With that out of the way, I want to take up this statement by Minnie Quaich, writing at FIRE's The Torch:
Again and again, we find that anything that can be offensive, inappropriate, and counterproductive ravings to some might very well be provocative, useful, and critical discourse to others. The widely differing and competing reactions to even the most controversial expression like Churchill’s prove how vital it is to protect freedom of speech in this country, on campus, and beyond.Wonderful. But what about speech that fosters the restriction of speech,* if not the wholesale suppression of liberty? Suppose that a compelling speaker is able to convince a supermajority of the populace that it's dangerous to have people running around saying certain things in public? Suppose that supermajority is able to pass a constitutional amendment that restricts speech? Or just suppose that government -- acting at the behest of "the people" -- effectively does the same thing by statutorily restricting certain forms of speech (as in campaign-finance "reform")?
In other words: Free speech cannot flourish unless government is restricted to its "nightwatchman" role. Yet free speech seems inevitably to produce an intrusive government.** And an intrusive government seem inevitably to issue restrictions on speech, among other forms of liberty.

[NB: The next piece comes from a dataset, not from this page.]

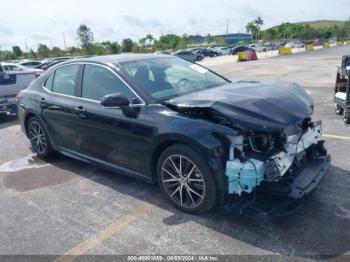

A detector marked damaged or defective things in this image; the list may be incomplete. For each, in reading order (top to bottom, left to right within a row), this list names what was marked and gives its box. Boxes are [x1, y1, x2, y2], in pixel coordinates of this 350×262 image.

crumpled hood [164, 81, 314, 132]
severe front damage [164, 81, 330, 200]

Before you draw the wrong conclusion, consider this: If government could declare certain topics (e.g., the role of government) off-limits in the name of liberty, I have no doubt that government would be even more intrusive and restrictive of liberty.
*To be clear about it, I don't consider the following to be improper restrictions of speech:
- non-governmental criticism of speech
- non-governmental ostracism of persons or entities whose speech is disagreeable
- the owner of private property dictating what may be said on his property
- disciplining an employee for saying things that may damage the employer's business
- prosecuting directly injurious speech (e.g., slander, libel, and intimidation).